(AVAILABLE RECORDS):
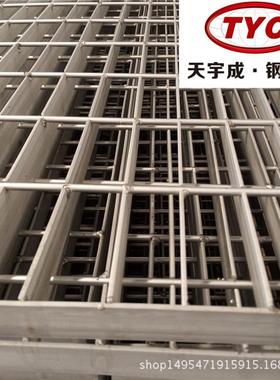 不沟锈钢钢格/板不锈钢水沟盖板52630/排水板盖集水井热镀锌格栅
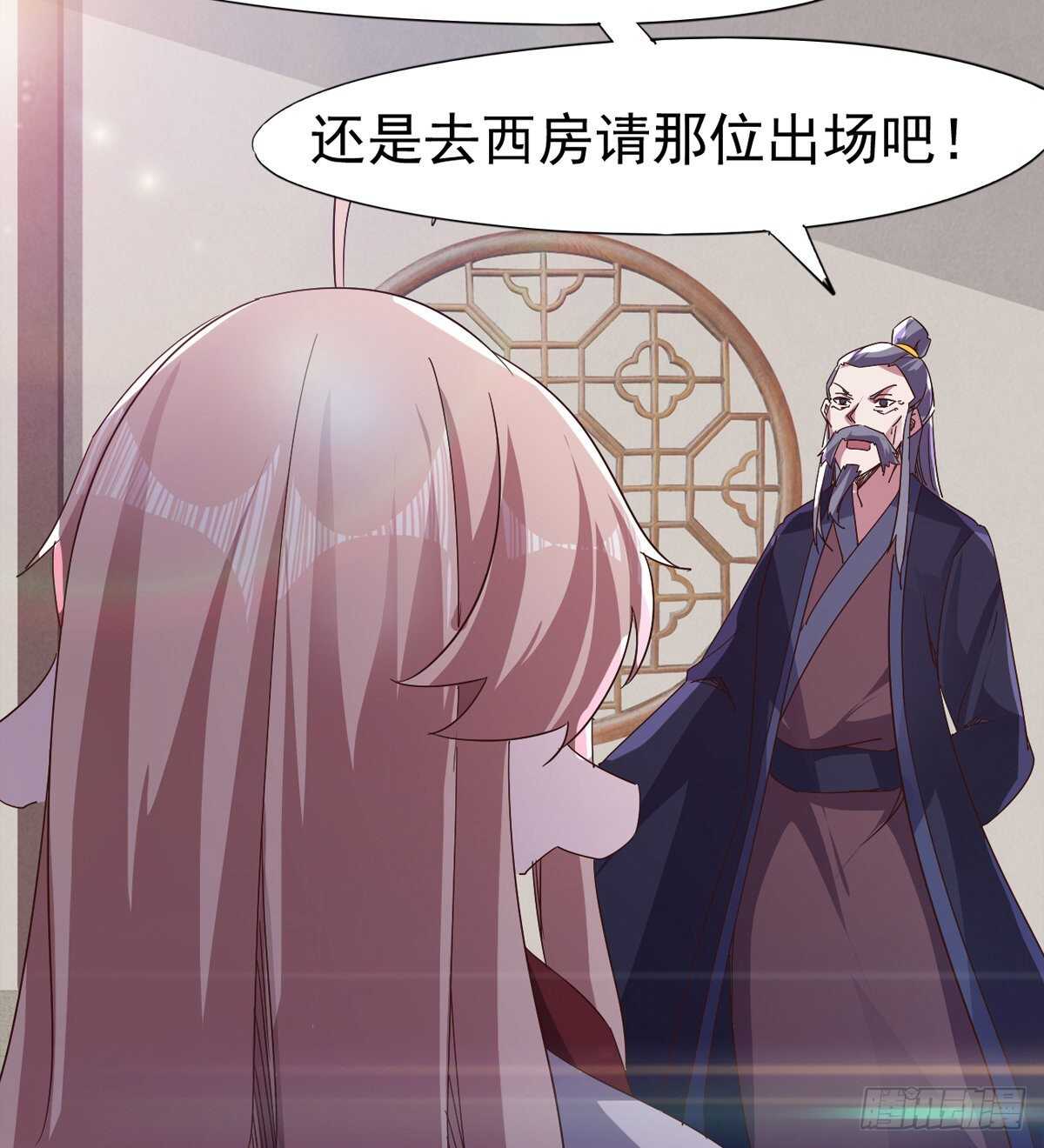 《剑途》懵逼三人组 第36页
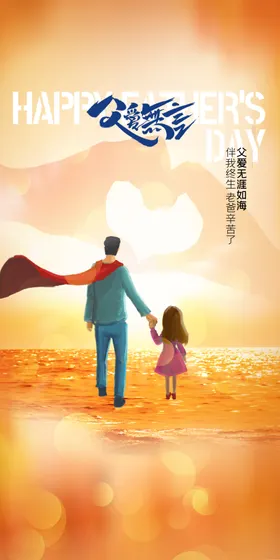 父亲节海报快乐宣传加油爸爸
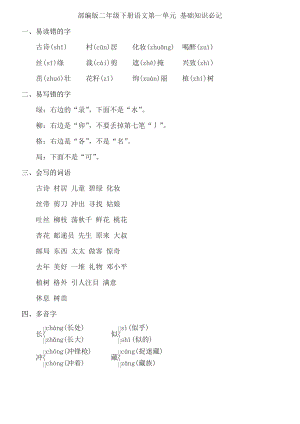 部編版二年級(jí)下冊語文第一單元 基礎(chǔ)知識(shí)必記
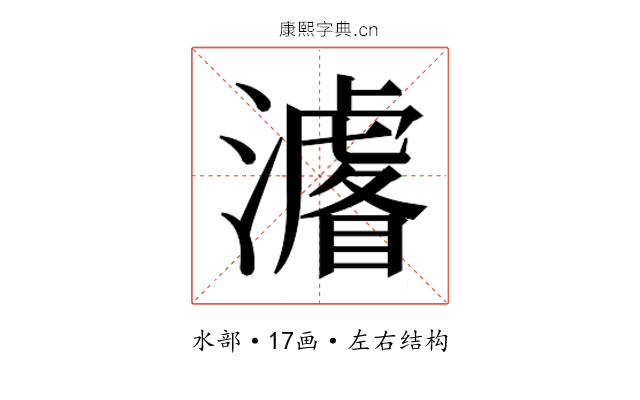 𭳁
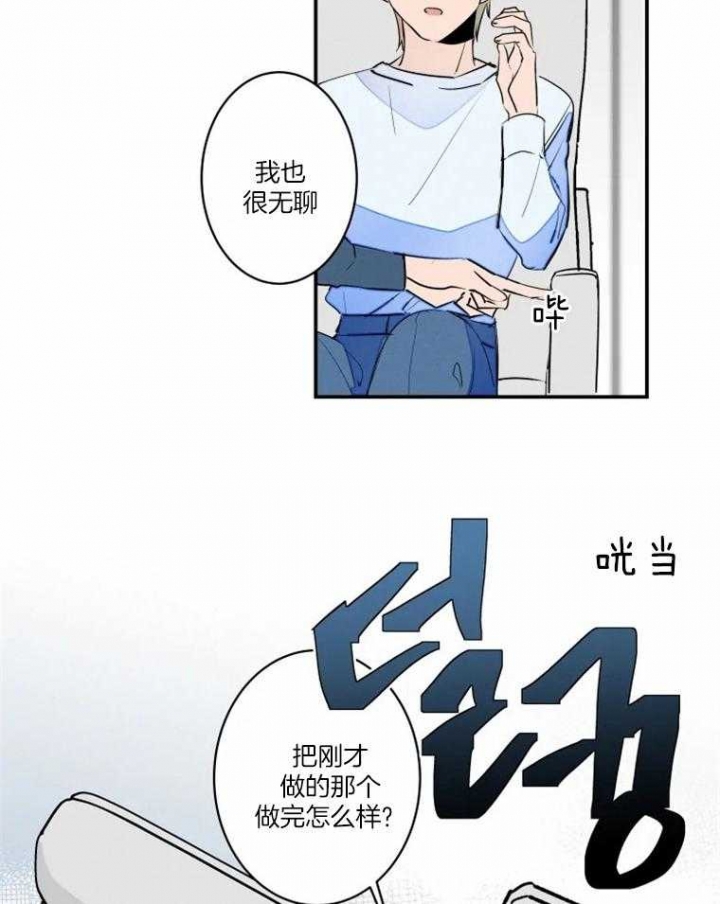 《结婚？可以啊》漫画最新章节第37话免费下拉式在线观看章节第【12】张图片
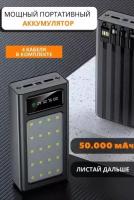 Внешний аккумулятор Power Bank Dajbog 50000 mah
* * *
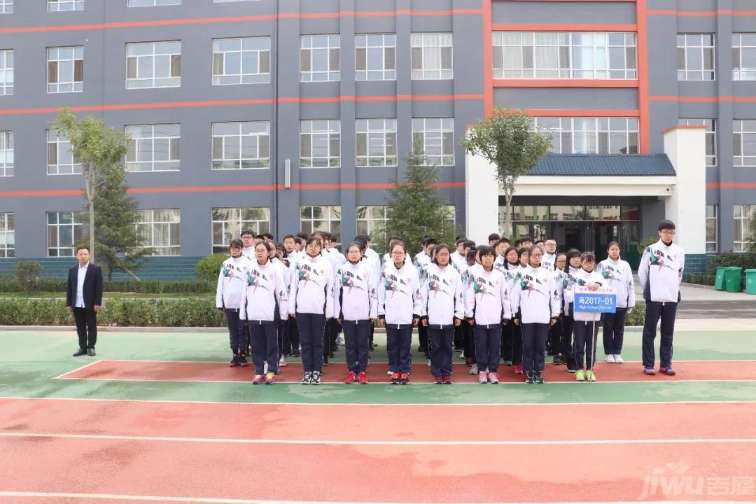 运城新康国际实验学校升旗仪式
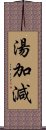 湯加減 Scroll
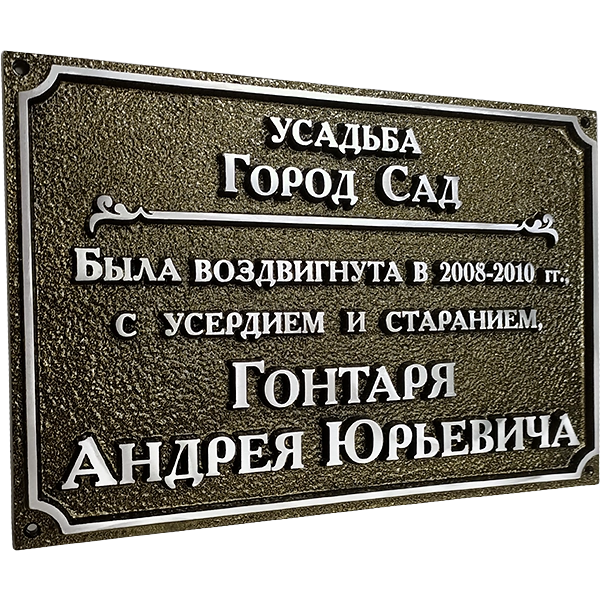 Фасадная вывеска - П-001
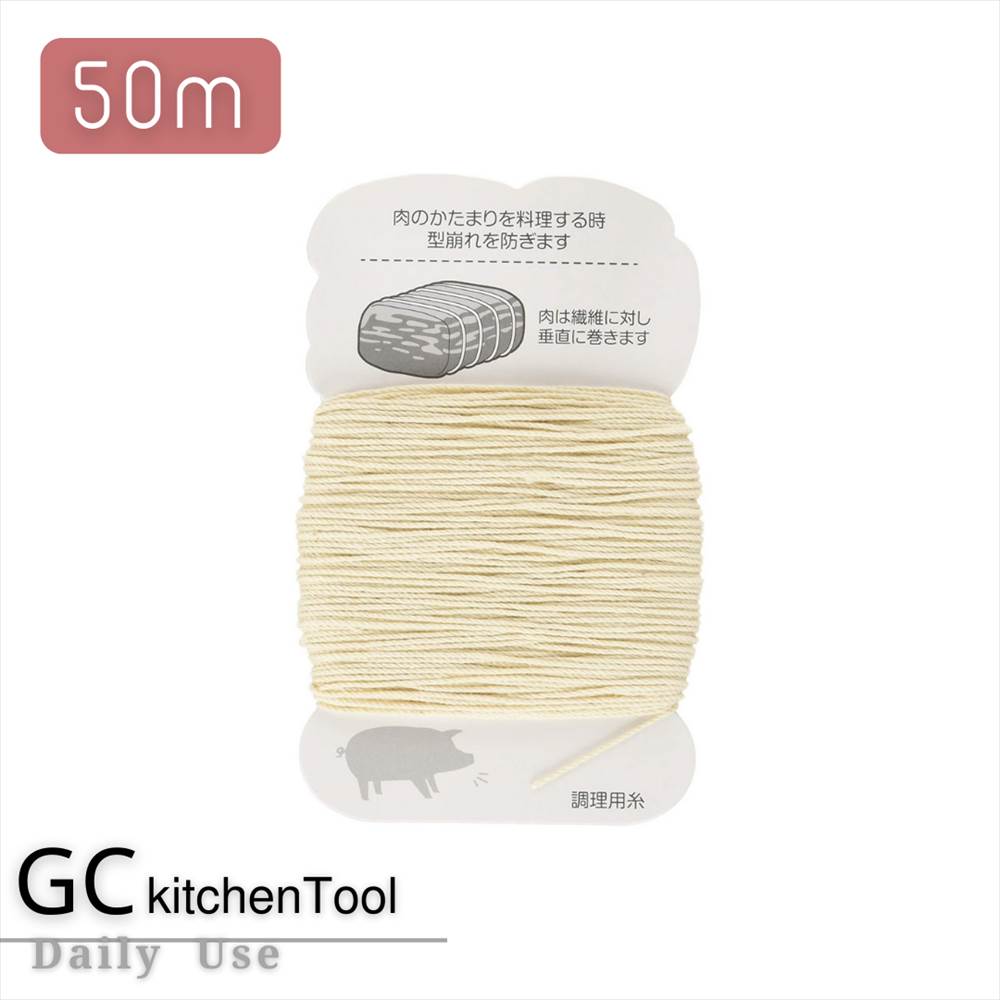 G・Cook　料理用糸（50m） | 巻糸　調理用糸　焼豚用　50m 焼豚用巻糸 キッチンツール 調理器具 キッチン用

(PROBLEM REQUIREMENTS): For the entries above, print exactly the lines between the one with "Фасадная вывеска - П-001" and the one with "G・Cook　料理用糸（50m） | 巻糸　調理用糸　焼豚用　50m", inclusive, with no pictures.

(REPLY):
 Фасадная вывеска - П-001
 G・Cook　料理用糸（50m） | 巻糸　調理用糸　焼豚用　50m 焼豚用巻糸 キッチンツール 調理器具 キッチン用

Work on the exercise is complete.